Americans harbor an intense love for the Stars and Stripes.
It’s a common sight to see the American flag not only flying at many businesses but also at sporting events and outside people’s homes. The flag is on T-shirts, hats, and even bikinis (which were designed in France, by the way). For the United States, the flag stands as a symbol of patriotism and acts as a popular motif.
Here in France, I see the French flag outside of government buildings (namely city hall). I also saw it during an Armistice Day ceremony to honor military forces. But I don’t usually see it anywhere else. No one wears T-shirts with the French flag.
I asked some of my French coworkers about the protocol for flying the flag. They said displaying it outside one’s home makes a statement, and not a patriotic one like in America. If a French home flies the country’s flag, it signifies that the household supports the National Front, an anti-immigration political party in France.
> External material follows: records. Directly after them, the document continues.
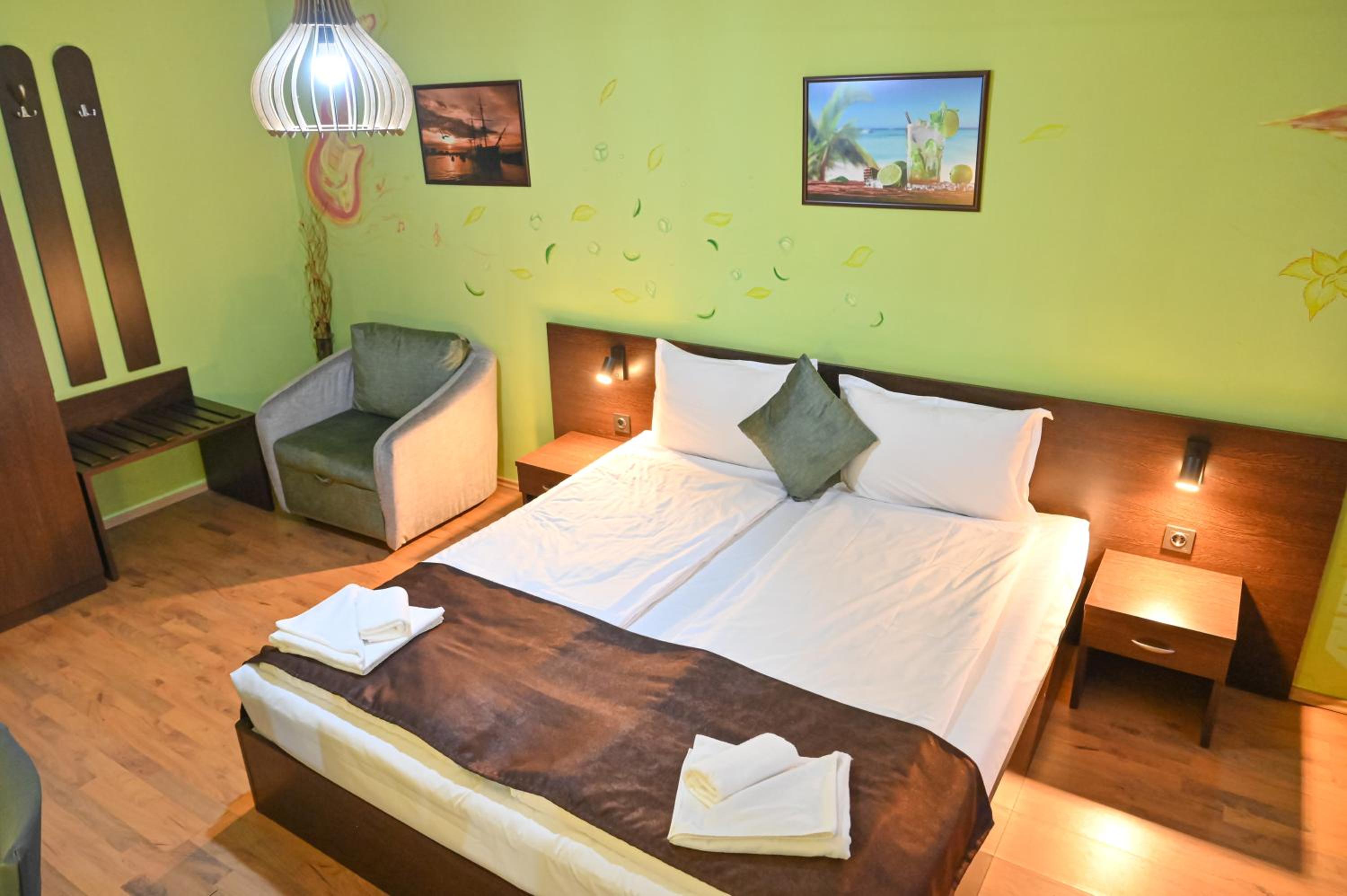 Double or Twin Room with Balcony (2 Adults + 1 Child) photo 1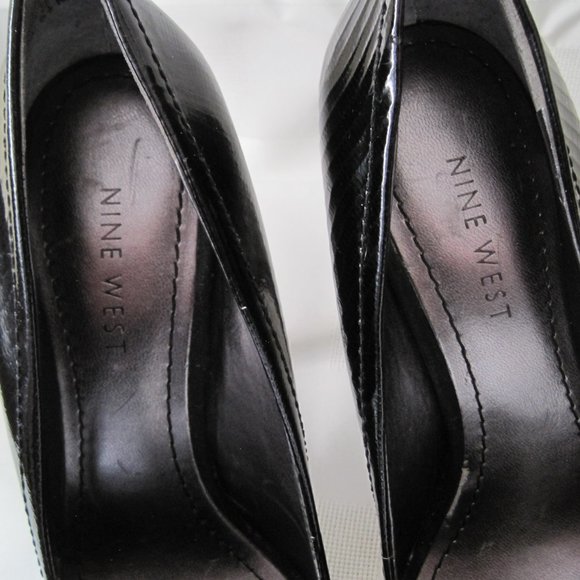 NINE WEST WOMEN'S BLACK LEATHER PUMPS - SIZE 5 1/2 M - PRE-OWNED - Picture 6 of 9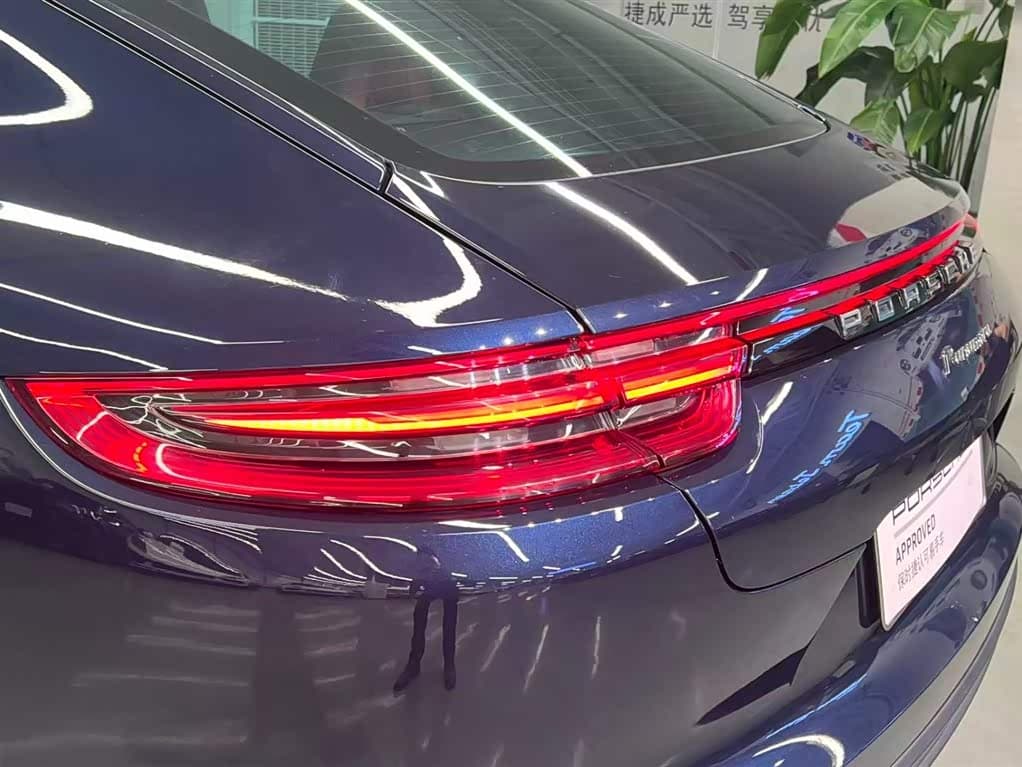 Porsche Panamera 2020 — Фото 18/20
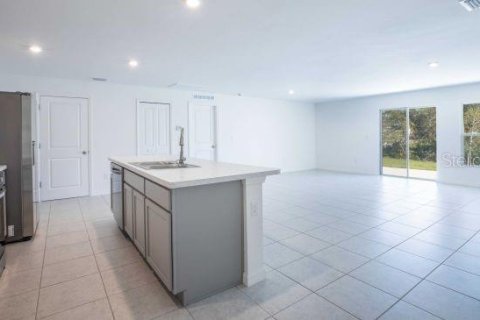 Villa ou maison à vendre à Orange City, Floride: 4 chambres, 190.64 m2 № 1540622 - photo 14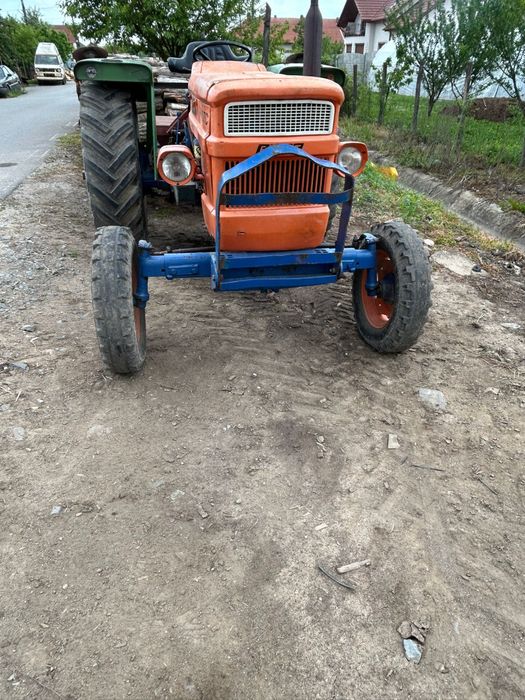 Vând tractor fiat 640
It’s strange that displaying a country’s official flag in that very country can be controversial. I never even realized that Americans have such a fervor for their flag until a few weeks after living here. This week, I taught some of my classes the national anthem of the United States, playing a rendition by Whitney Houston at the Super Bowl in 1991. I started seeing the video clip how my French students must see it.
There are so many flags being waved.
Wow, there’s one flag as big as this classroom.
That’s weird. Someone in the crowd is holding up a sign that reads “God Bless America.”
Americans have a great love for the flag, and they don’t reserve it just for Independence Day. But I wonder if the flag’s power is cheapened because of its overuse in bikinis, underwear, and other places where you probably don’t want to see your national flag.